▶ _TASK STATEMENT_
All of the data below should be printed again word for word, pictures excluded.

▶ _DATASET SECTION_

::::

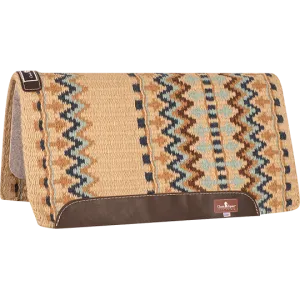 Classic Equine 32"X34" Wool Top Saddle Pad- Sand/Aqua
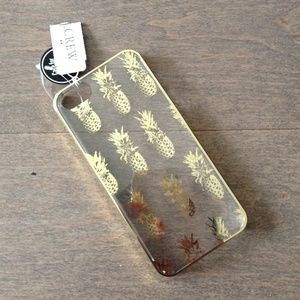 Gold pineapple print transparent iPhone 5 cover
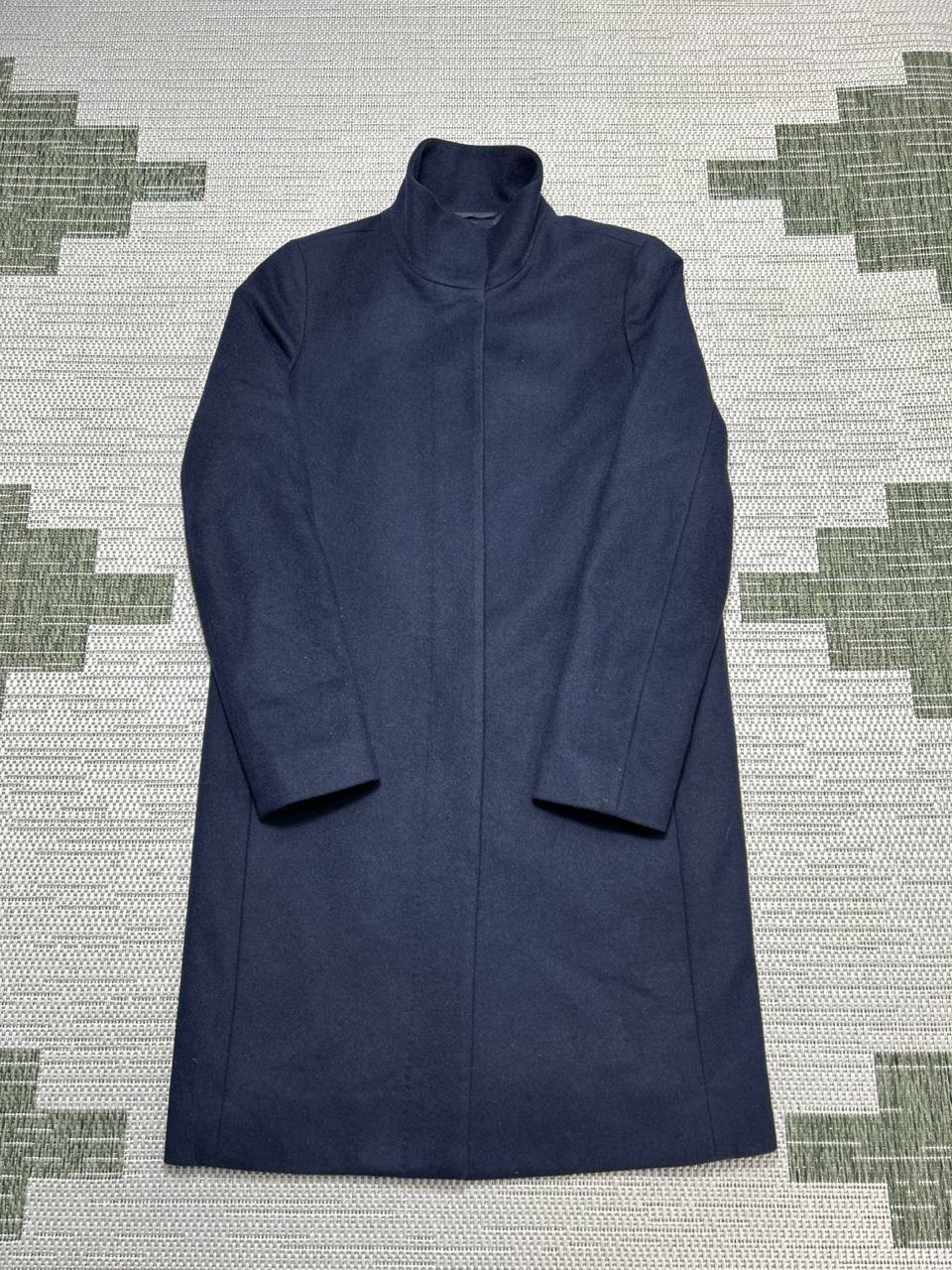 Uniqlo Overcoat Womens Small Blue Wool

::::

▶ _RESULT BELOW_
 Classic Equine 32"X34" Wool Top Saddle Pad- Sand/Aqua
 Gold pineapple print transparent iPhone 5 cover
 Uniqlo Overcoat Womens Small Blue Wool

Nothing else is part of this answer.